‘10% Joe’ – From Grandfather to Godfather By David Isaac
We thought Joe Biden was the grandfather. It turns out he’s more like the godfather.
It’s the big reveal in the Hunter Biden story.
Until now, we thought Hunter, the “f—ked up addict that can’t be trusted” (in his own words) who sent not one but three laptops full of incriminating material in for repairs – an act so stupid that even crack can’t be blamed – was the one taking advantage of his father’s position to enrich himself.
(Compounding the idiocy, despite repeated notifications, he failed to pay the $85 bill to reclaim the one salvageable laptop, so that after 90 days it became the legal property of the repair shop.)

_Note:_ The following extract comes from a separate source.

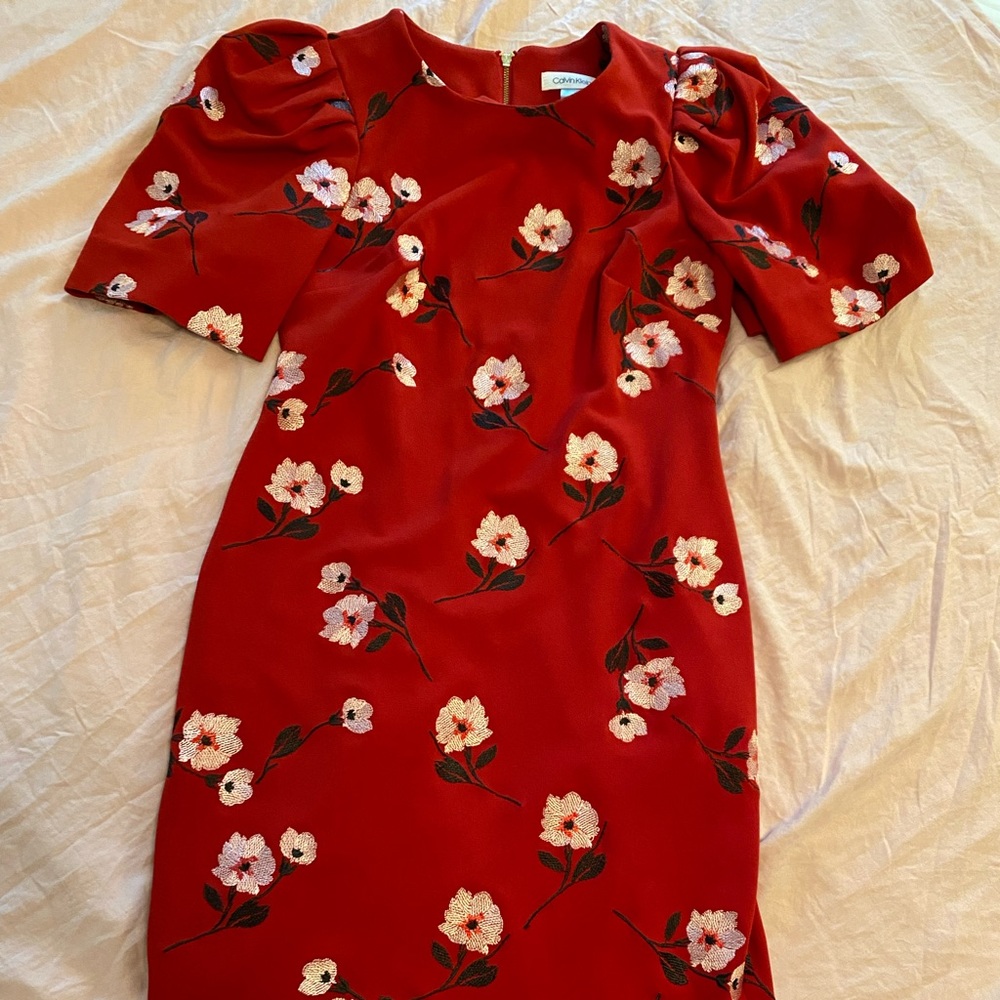 Floral Calvin Klein dress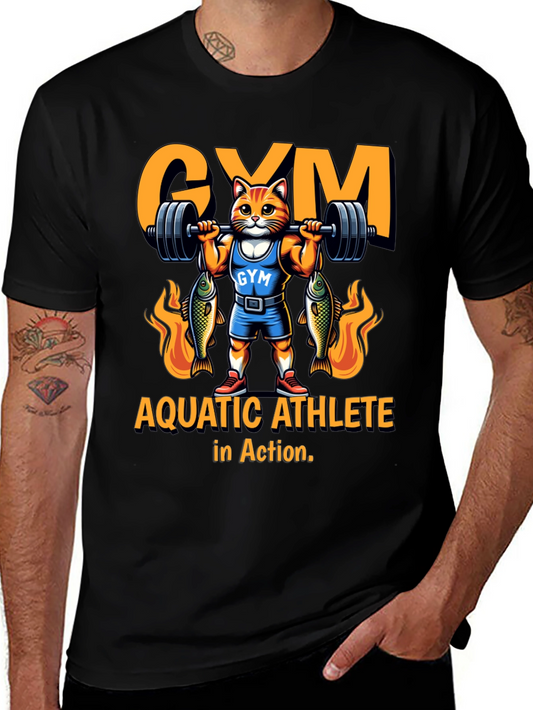 Aquatic Athlete Cat Gym T-Shirt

What we learn from the laptop is that Joe (referred to as “the big guy”) was to get a 10% cut of the loot from a deal with a now defunct Chinese energy company with strong ties to the Chinese government (the email outlines an equity split including “20 for H” and “10 held by H for the big guy.” That makes “10% Joe” analogous to the Godfather, the capo dei capi, the boss due his share of the family’s enterprises.
So Biden is getting “his beak wet,” as former NYC Mayor and current Trump advisor Rudy Giuliani points out in a damning video describing the “Biden crime family’s payoff scheme.”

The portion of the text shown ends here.